The next interview was a technical phone screen with a manager for the hiring team. She asked me some questions about machine learning, but it seemed clear very quickly that she did not herself have much experience with the technical details of machine learning, and functioned more as a manager. This is not a bad thing, but it made the conversation awkward because she was trying to act like a technical authority on machine learning and come across like she was challenging me, but she clearly did not understand some of the finer points of the machine learning algorithms I discussed and her bravado seemed misplaced.
After the discussion about machine learning, she asked me to follow a link to an online code portal (I was not told beforehand that there would be any interactive coding in the interview, but I like coding, so I didn't mind).
I was asked two very juvenile coding questions: one was how to write some code to split incoming text into a collection of word counts. No details were given about memory limits or performance requirements, so I wrote a quick algorithm to do it with a hash table. The interviewer seemed happy with my answer and gave positive feedback.
The next question was a pretty classic and pretty antagonistic sort of coding trivia or hazing question. The question was how to write a function to compute the exponential of an integer argument.
You can do this easily with a for-loop or while-loop, and if you can use floating point numbers, you can do it efficiently with exp and log. But there is a nasty trick to do it recursively for integers, using the exponent divided by two so you end up with only log2(k) recursive calls (where k is the exponent).
I spotted all this and wrote up three different solutions highlighting these different cases, and mentioned the trade-offs and complexity issues. I hate when companies ask these pointless questions, but the interviewer seemed happy.
Lastly the interviewer asked me to discuss pros and cons of object oriented design. Once again, I got the impression that she was not skilled as a developer and probably should have deferred to a different team member to ask this type of question. I spoke about some job experience with functional programming and different design ideas that cast doubt on whether OO programming with inheritance is a good idea. She did not seem happy about this, but did not present any technical counterpoints or further discussion.

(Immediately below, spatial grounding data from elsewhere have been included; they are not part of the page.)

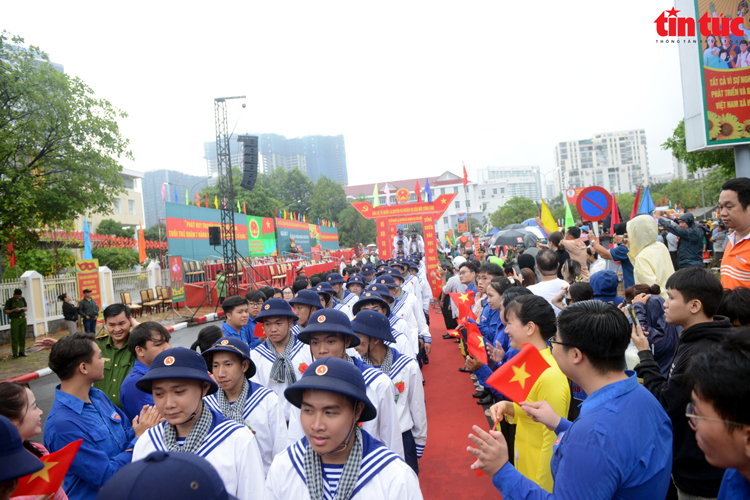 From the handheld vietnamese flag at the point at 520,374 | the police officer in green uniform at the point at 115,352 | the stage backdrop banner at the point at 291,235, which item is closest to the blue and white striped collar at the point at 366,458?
the handheld vietnamese flag at the point at 520,374

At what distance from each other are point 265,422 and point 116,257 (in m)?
30.4

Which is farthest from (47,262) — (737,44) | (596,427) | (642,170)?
(642,170)

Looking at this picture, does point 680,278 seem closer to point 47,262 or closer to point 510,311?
point 510,311

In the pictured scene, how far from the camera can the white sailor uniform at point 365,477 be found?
172cm

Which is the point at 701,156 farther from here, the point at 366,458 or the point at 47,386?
the point at 47,386

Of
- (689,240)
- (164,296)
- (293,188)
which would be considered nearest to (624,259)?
(689,240)

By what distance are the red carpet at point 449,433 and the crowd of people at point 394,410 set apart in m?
0.66

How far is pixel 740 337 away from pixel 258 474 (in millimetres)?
2055

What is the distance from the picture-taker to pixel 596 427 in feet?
5.31

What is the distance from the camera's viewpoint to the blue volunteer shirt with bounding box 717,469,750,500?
129 centimetres

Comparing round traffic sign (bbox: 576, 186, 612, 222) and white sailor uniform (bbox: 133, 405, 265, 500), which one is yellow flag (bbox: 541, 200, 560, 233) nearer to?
round traffic sign (bbox: 576, 186, 612, 222)

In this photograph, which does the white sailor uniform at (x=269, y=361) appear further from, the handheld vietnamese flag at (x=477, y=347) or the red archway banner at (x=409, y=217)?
the red archway banner at (x=409, y=217)

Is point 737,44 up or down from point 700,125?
up

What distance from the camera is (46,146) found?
469 inches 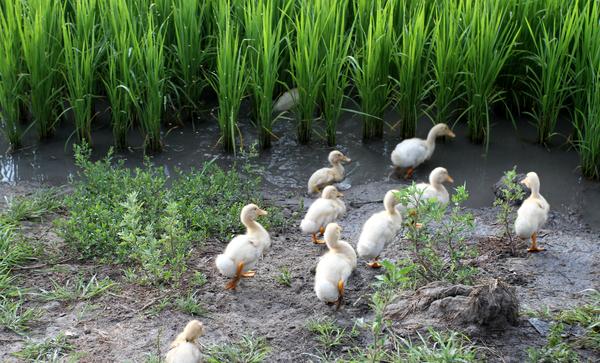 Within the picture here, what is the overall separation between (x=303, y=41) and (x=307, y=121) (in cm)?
73

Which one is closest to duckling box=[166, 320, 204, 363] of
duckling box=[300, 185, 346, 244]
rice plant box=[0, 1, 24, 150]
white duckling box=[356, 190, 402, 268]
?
white duckling box=[356, 190, 402, 268]

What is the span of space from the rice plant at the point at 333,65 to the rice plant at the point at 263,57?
1.36 feet

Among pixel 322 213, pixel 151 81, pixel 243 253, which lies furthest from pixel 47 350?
pixel 151 81

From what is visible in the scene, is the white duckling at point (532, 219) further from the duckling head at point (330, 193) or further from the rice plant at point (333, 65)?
the rice plant at point (333, 65)

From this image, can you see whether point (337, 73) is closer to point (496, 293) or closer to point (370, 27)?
point (370, 27)

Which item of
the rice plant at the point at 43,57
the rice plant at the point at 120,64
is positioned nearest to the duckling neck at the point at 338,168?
the rice plant at the point at 120,64

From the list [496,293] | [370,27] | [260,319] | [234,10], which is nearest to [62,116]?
[234,10]

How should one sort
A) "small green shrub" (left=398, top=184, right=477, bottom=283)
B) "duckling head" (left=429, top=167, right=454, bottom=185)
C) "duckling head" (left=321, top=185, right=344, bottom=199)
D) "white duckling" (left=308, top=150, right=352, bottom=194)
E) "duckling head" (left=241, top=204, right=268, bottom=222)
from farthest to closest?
"white duckling" (left=308, top=150, right=352, bottom=194), "duckling head" (left=429, top=167, right=454, bottom=185), "duckling head" (left=321, top=185, right=344, bottom=199), "duckling head" (left=241, top=204, right=268, bottom=222), "small green shrub" (left=398, top=184, right=477, bottom=283)

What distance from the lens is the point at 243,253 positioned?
18.6 feet

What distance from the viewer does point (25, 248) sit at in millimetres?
6094

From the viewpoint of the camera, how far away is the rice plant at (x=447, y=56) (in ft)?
24.5

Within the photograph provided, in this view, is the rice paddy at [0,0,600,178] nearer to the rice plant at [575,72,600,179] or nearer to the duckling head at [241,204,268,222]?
the rice plant at [575,72,600,179]

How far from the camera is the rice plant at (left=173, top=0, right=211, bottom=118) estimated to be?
25.5 feet

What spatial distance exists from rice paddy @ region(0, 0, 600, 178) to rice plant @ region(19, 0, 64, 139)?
12mm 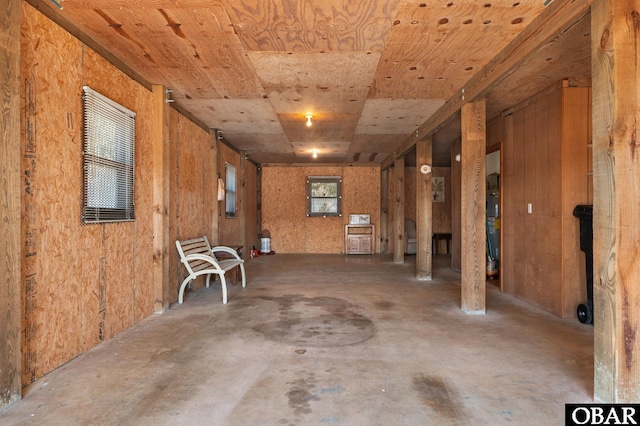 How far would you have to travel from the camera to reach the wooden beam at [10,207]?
196cm

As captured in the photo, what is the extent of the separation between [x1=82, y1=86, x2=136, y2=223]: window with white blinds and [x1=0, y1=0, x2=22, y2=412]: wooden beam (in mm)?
749

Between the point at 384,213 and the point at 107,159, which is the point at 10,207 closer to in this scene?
the point at 107,159

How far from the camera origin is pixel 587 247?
3.48 m

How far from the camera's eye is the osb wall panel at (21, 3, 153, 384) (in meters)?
2.27

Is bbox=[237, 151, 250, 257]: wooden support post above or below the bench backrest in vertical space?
above

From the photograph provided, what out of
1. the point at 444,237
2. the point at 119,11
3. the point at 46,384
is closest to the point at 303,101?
the point at 119,11

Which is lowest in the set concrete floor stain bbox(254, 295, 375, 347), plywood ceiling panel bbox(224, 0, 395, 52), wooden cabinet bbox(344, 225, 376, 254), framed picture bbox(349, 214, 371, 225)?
concrete floor stain bbox(254, 295, 375, 347)

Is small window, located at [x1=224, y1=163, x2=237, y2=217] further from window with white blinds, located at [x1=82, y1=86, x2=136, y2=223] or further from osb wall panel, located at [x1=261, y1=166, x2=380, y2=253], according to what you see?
window with white blinds, located at [x1=82, y1=86, x2=136, y2=223]

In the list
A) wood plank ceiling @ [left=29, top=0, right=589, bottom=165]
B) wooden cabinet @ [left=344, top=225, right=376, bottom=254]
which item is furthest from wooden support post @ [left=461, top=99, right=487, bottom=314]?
wooden cabinet @ [left=344, top=225, right=376, bottom=254]

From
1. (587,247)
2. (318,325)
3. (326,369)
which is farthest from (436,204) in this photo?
(326,369)

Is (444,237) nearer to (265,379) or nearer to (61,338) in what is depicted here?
(265,379)

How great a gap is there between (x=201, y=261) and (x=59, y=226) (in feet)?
7.96

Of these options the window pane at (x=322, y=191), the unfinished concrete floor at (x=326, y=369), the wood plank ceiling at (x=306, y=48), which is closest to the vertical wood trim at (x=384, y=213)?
the window pane at (x=322, y=191)

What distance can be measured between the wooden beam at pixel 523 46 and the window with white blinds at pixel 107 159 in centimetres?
350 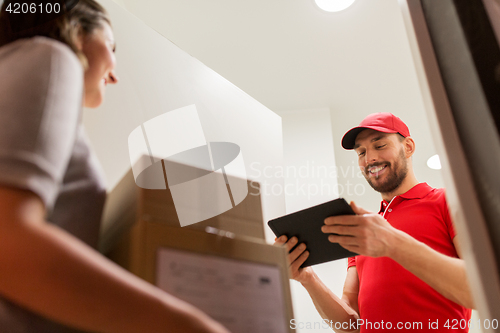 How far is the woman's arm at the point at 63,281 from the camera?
30 centimetres

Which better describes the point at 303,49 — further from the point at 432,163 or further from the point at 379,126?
the point at 432,163

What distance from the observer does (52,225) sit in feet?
1.11

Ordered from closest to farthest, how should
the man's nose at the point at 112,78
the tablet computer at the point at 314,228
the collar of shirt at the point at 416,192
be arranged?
the man's nose at the point at 112,78 < the tablet computer at the point at 314,228 < the collar of shirt at the point at 416,192

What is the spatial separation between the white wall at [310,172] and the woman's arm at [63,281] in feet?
4.64

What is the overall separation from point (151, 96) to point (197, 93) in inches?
5.8

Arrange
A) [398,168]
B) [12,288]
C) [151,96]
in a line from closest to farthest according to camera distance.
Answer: [12,288] < [151,96] < [398,168]

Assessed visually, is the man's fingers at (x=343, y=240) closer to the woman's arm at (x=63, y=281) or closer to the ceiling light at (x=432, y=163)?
the woman's arm at (x=63, y=281)

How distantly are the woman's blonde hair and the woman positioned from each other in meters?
0.03

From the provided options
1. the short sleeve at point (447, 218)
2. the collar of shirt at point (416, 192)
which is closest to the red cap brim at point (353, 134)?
the collar of shirt at point (416, 192)

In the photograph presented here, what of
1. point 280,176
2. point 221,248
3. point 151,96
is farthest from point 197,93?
point 221,248

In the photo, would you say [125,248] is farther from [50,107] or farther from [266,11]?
[266,11]

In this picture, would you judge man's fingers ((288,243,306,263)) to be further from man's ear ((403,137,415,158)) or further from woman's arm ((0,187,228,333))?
man's ear ((403,137,415,158))

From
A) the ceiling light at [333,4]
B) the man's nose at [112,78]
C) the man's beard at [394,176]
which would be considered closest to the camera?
the man's nose at [112,78]

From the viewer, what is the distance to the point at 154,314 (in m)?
0.33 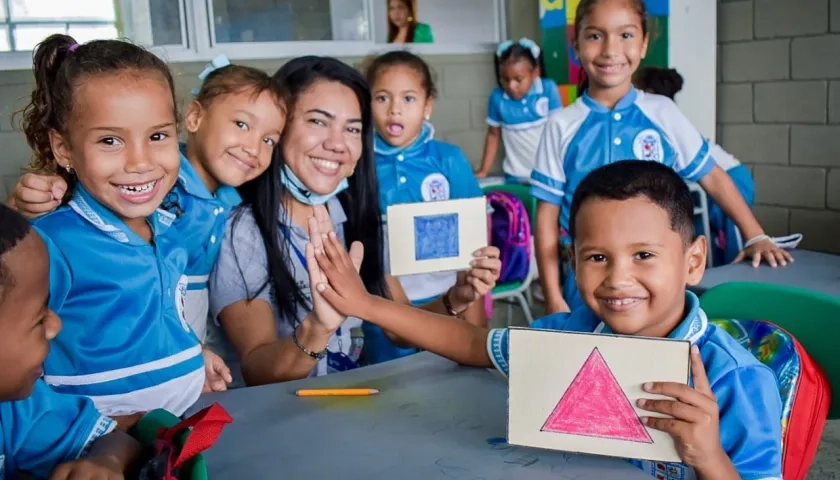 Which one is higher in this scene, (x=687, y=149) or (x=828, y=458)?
(x=687, y=149)

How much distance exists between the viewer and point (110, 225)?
133cm

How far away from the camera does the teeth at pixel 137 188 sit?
1334 millimetres

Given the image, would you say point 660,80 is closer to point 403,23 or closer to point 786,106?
point 786,106

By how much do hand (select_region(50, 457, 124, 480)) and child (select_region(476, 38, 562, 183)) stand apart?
4.55 meters

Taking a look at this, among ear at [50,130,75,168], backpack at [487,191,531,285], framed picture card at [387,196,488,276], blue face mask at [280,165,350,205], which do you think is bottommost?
backpack at [487,191,531,285]

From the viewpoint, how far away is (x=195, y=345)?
4.69 feet

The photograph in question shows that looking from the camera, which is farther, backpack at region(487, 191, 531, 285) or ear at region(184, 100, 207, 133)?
backpack at region(487, 191, 531, 285)

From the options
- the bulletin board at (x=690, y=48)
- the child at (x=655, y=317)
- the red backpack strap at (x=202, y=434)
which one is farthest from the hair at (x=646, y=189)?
the bulletin board at (x=690, y=48)

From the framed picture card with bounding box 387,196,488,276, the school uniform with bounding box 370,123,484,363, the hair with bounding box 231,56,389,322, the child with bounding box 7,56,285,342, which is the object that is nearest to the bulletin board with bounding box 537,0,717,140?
the school uniform with bounding box 370,123,484,363

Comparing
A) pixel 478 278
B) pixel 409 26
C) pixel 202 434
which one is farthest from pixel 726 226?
pixel 409 26

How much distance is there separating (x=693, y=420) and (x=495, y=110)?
501 cm

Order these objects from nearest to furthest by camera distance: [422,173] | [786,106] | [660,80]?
[422,173] < [660,80] < [786,106]

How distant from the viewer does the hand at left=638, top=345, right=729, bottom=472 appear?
3.24ft

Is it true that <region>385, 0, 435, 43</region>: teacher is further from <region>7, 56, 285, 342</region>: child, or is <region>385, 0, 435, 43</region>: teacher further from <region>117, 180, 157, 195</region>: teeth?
<region>117, 180, 157, 195</region>: teeth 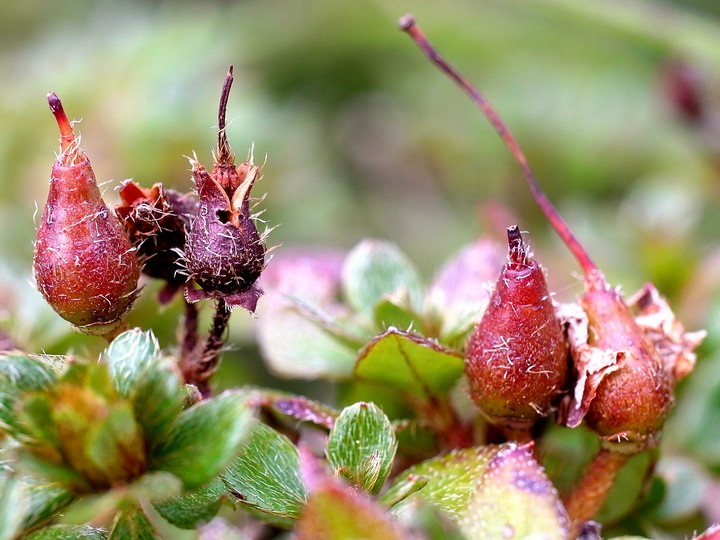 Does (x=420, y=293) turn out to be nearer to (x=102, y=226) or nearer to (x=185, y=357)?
(x=185, y=357)

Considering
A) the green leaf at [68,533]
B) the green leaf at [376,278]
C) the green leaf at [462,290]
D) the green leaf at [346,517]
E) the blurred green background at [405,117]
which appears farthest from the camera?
the blurred green background at [405,117]

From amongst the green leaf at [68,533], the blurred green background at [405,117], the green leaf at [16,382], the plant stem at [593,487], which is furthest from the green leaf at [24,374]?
the blurred green background at [405,117]

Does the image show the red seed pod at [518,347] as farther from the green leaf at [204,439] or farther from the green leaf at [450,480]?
the green leaf at [204,439]

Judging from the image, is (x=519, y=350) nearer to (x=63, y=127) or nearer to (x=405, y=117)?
(x=63, y=127)

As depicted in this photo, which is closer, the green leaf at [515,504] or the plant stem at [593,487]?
the green leaf at [515,504]

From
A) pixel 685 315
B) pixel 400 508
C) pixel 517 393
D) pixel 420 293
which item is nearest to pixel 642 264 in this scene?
pixel 685 315

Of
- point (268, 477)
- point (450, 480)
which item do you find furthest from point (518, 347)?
point (268, 477)

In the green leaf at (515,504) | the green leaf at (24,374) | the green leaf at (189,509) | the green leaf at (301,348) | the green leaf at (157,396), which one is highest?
the green leaf at (24,374)

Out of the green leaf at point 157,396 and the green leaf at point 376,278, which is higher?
the green leaf at point 157,396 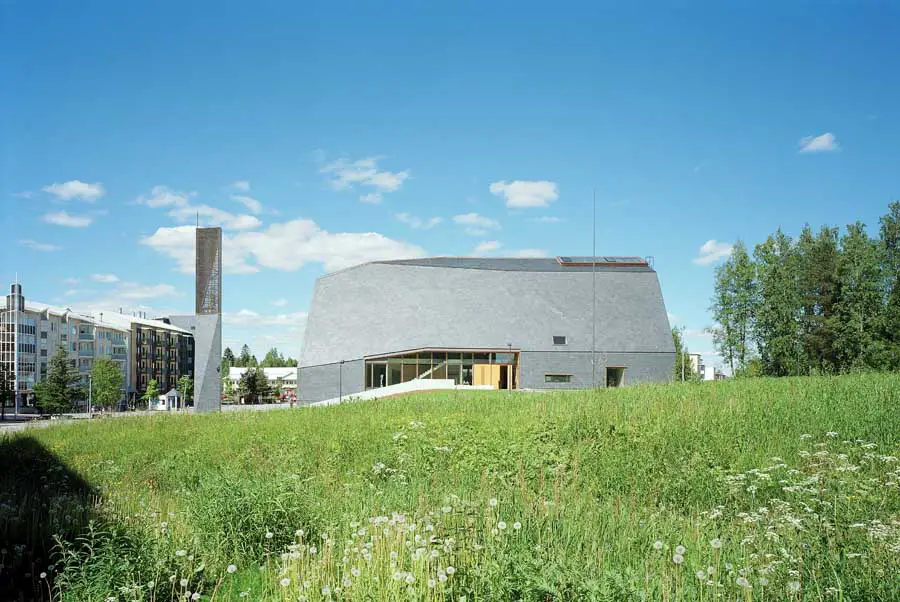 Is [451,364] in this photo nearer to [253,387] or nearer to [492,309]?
[492,309]

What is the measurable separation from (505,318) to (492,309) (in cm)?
110

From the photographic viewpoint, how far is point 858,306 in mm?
41719

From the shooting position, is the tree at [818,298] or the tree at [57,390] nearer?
the tree at [818,298]

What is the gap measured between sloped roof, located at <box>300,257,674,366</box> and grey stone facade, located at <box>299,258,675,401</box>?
0.22 ft

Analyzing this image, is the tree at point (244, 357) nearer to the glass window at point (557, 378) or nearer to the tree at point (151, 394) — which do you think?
the tree at point (151, 394)

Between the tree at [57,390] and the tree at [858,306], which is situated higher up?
the tree at [858,306]

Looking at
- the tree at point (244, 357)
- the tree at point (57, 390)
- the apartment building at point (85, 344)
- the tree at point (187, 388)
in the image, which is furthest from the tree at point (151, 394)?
the tree at point (244, 357)

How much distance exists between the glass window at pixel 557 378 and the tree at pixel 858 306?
1722 centimetres

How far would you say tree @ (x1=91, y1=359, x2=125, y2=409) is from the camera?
7344cm

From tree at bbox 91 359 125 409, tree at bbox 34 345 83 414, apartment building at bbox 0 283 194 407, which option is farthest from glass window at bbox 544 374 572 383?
apartment building at bbox 0 283 194 407

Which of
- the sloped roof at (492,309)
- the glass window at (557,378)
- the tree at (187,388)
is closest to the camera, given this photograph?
the glass window at (557,378)

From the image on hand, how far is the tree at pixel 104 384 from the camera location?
7344cm

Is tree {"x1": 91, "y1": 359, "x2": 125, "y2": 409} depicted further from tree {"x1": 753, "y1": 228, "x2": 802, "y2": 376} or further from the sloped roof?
tree {"x1": 753, "y1": 228, "x2": 802, "y2": 376}

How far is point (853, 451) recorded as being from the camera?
9.49m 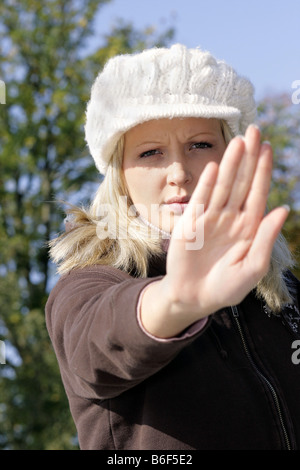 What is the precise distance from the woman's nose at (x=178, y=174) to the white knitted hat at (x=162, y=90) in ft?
0.43

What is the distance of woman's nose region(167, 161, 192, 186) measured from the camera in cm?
170

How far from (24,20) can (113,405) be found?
11.4 meters

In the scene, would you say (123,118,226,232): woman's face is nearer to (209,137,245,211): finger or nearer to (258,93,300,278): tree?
(209,137,245,211): finger

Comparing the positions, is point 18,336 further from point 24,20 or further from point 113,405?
point 113,405

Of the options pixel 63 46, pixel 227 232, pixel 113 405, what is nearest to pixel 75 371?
pixel 113 405

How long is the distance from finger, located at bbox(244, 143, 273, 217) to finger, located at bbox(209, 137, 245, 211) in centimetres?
4

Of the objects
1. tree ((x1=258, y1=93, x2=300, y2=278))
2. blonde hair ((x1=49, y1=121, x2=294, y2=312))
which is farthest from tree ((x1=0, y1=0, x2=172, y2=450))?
blonde hair ((x1=49, y1=121, x2=294, y2=312))

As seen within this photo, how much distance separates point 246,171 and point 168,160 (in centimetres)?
66

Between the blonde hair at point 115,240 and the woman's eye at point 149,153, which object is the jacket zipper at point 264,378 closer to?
the blonde hair at point 115,240

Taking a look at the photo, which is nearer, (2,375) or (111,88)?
(111,88)

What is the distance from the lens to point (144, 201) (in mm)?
1788

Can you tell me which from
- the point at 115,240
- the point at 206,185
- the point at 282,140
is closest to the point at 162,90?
the point at 115,240

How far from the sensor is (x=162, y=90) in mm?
1697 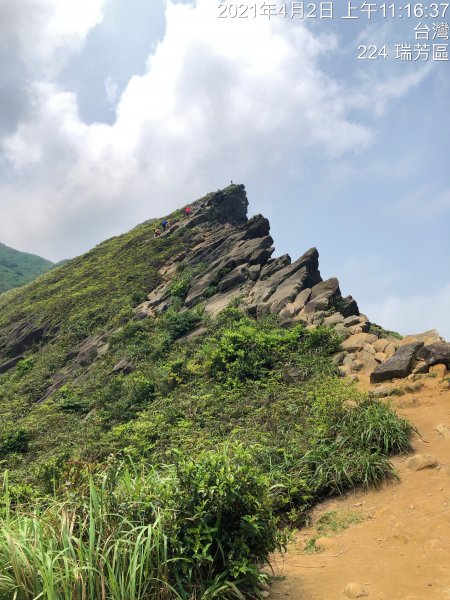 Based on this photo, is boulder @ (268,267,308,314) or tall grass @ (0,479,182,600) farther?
boulder @ (268,267,308,314)

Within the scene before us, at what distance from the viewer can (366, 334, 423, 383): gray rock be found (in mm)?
11562

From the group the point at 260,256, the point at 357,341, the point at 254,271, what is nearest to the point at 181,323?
the point at 254,271

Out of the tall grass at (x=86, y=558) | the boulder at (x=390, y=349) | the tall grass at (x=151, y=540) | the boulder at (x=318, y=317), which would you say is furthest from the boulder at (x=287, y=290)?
the tall grass at (x=86, y=558)

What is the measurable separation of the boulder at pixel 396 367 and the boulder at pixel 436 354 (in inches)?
8.6

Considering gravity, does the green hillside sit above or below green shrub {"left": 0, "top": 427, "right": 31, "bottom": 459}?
above

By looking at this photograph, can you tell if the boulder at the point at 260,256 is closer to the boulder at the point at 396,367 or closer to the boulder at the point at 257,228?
the boulder at the point at 257,228

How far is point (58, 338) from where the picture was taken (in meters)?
27.9

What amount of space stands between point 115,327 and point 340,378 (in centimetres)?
1599

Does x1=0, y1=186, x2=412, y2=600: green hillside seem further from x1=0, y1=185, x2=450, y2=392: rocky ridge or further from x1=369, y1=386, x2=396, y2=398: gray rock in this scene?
x1=369, y1=386, x2=396, y2=398: gray rock

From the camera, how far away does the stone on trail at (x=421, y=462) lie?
7328mm

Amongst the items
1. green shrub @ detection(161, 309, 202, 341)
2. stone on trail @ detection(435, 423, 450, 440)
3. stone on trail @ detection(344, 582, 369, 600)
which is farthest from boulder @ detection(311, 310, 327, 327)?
stone on trail @ detection(344, 582, 369, 600)

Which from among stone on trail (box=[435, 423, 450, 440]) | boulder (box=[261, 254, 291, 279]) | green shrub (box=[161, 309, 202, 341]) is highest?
boulder (box=[261, 254, 291, 279])

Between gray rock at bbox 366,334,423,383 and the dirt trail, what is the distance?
3575mm

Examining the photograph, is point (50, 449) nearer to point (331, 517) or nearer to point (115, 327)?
point (331, 517) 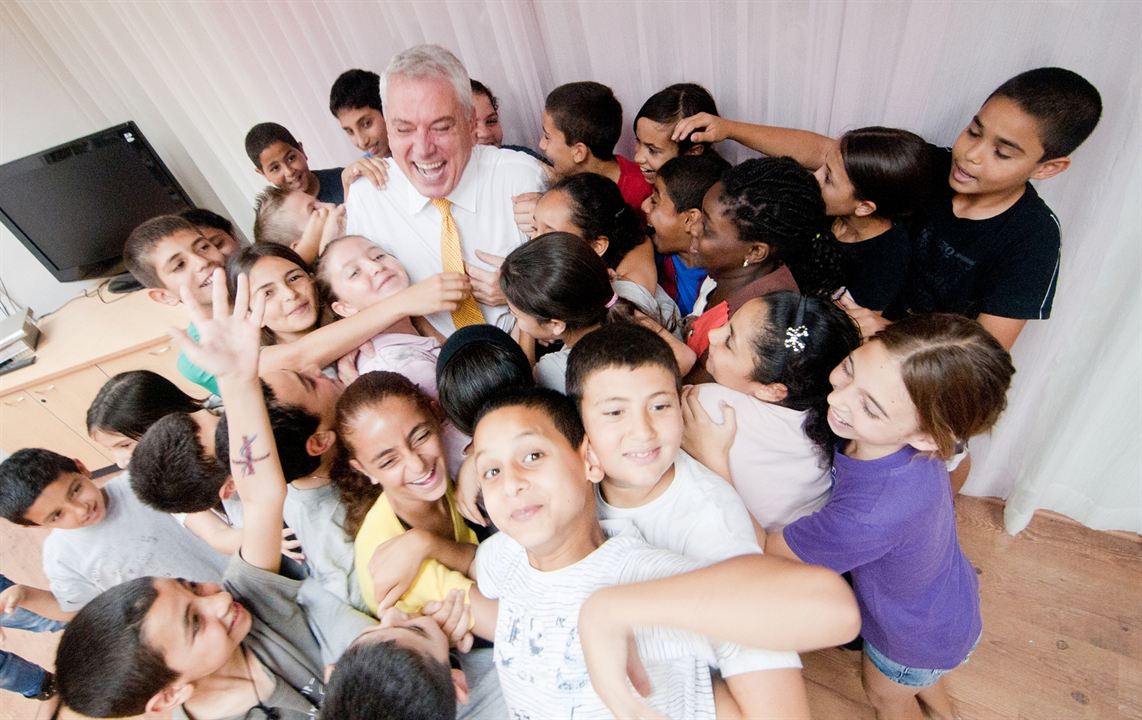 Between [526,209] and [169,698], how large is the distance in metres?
1.40

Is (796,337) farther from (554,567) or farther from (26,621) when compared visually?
(26,621)

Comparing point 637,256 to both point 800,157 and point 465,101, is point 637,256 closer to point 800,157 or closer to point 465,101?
point 800,157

After this call, I never heard back from the company for over a month. I wrote a few times to ask if my candidacy was still open, and finally after enough emails, I received an automated rejection with no feedback.
When I replied to the HR recruiter to ask for feedback, she very rudely said they have a policy to give no feedback, and it felt very clear she viewed my request for feedback as an annoyance and was not shy about letting me see her frustration with my request.
Overall the interviews were so-so but the recruiters should really be kinder and more professional when replying to candidates, and they should offer sincere feedback.